[Record extracts — start]

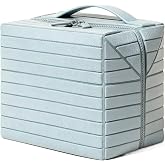 KAUYRDB Large-Capacity Premium Travel Cosmetic Toiletry Bag with Scientific Compartments
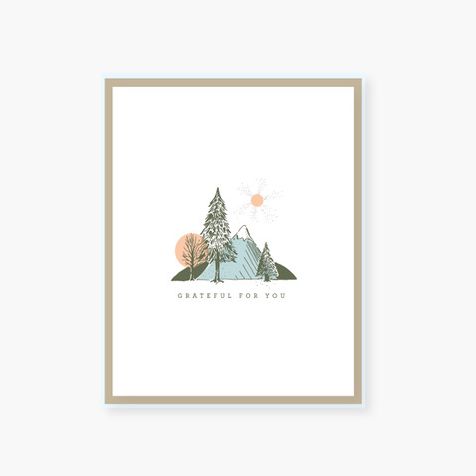 TYOU Grateful For You Mountain Notecards S/8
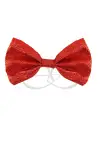 Red Glitter Bow Tie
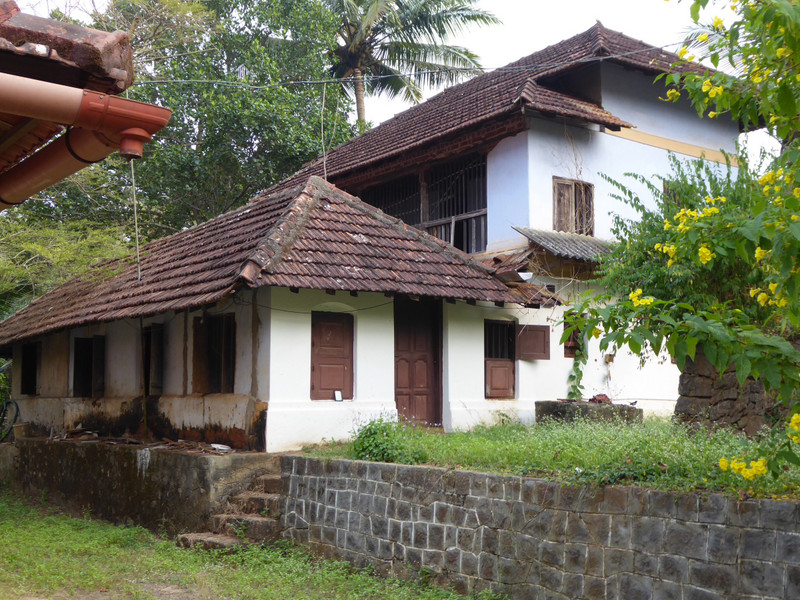 The older ancestral building nearby where the men and boys slept. Not yet renovated.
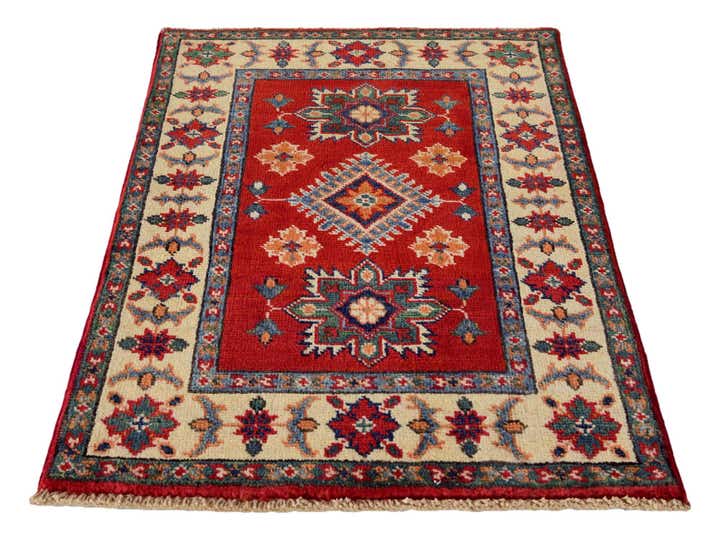 2' x 3' Hand Knotted Kazak Rug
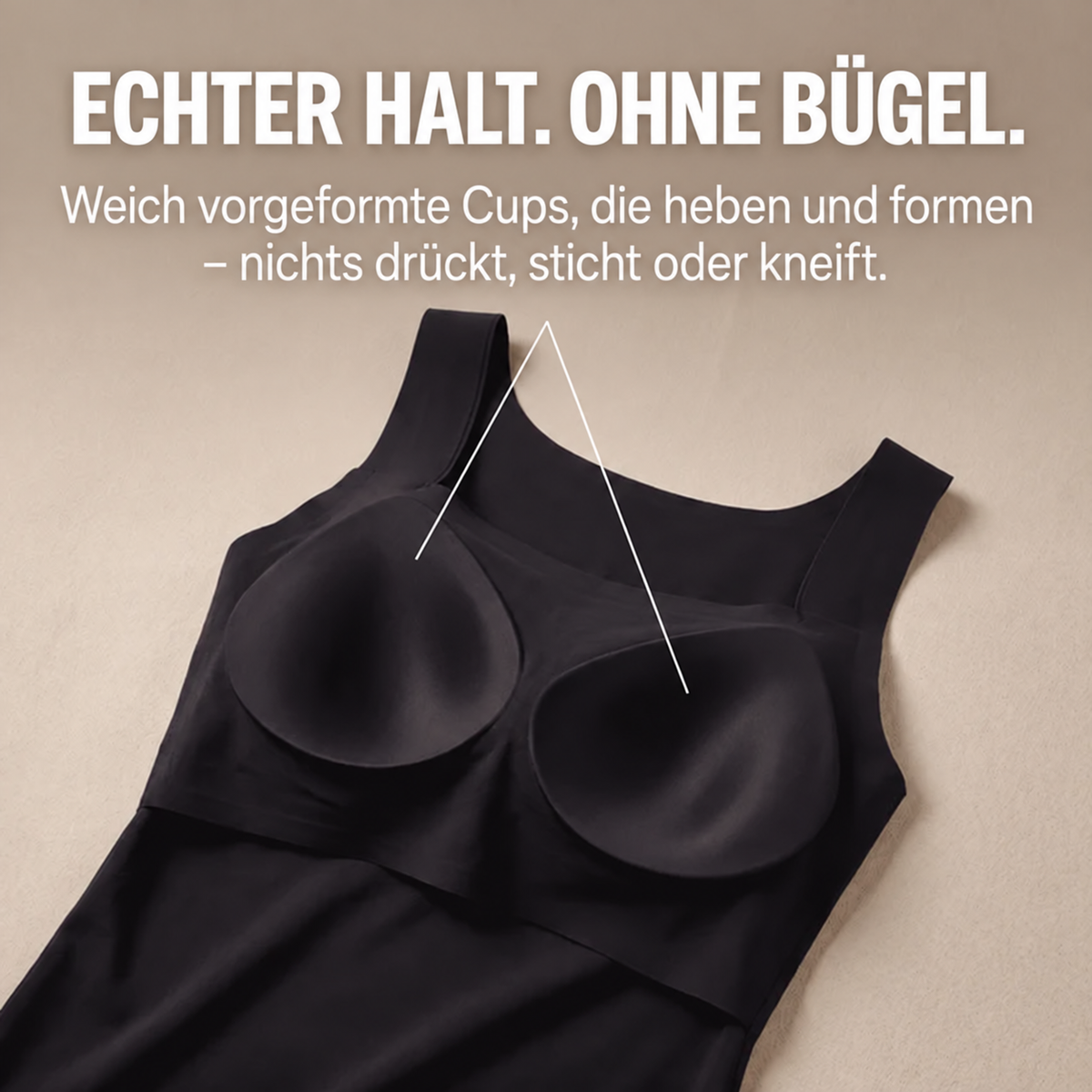 Silhoeva™ SmoothTank - Nahtloses Tanktop mit integriertem BH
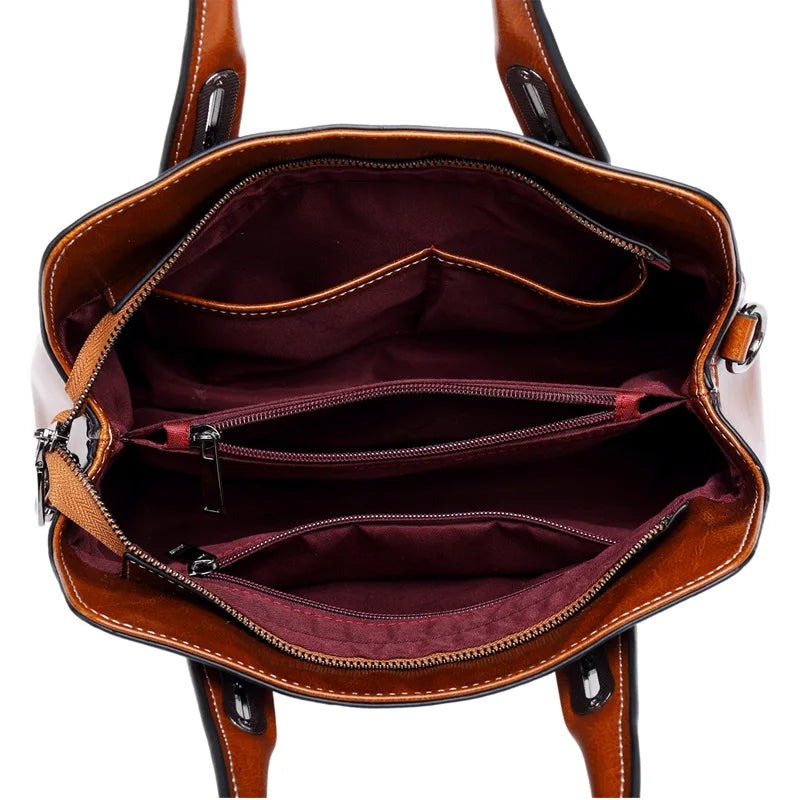 Sac à main bandoulière cuir intérieur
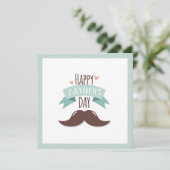 Carte de vœux pour la fête des pères (Debout devant)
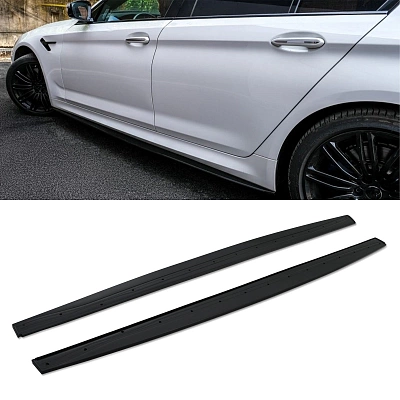 Комплект лезвий на пороги для BMW F36, F32. М-Перфоманс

[Record extracts — finish]

> [Assignment]:
Each record above is to be restated exactly, with its pictures removed from the copy.

> [Result for this task]:
 KAUYRDB Large-Capacity Premium Travel Cosmetic Toiletry Bag with Scientific Compartments
 TYOU Grateful For You Mountain Notecards S/8
 Red Glitter Bow Tie
 The older ancestral building nearby where the men and boys slept. Not yet renovated.
 2' x 3' Hand Knotted Kazak Rug
 Silhoeva™ SmoothTank - Nahtloses Tanktop mit integriertem BH
 Sac à main bandoulière cuir intérieur
 Carte de vœux pour la fête des pères (Debout devant)
 Комплект лезвий на пороги для BMW F36, F32. М-Перфоманс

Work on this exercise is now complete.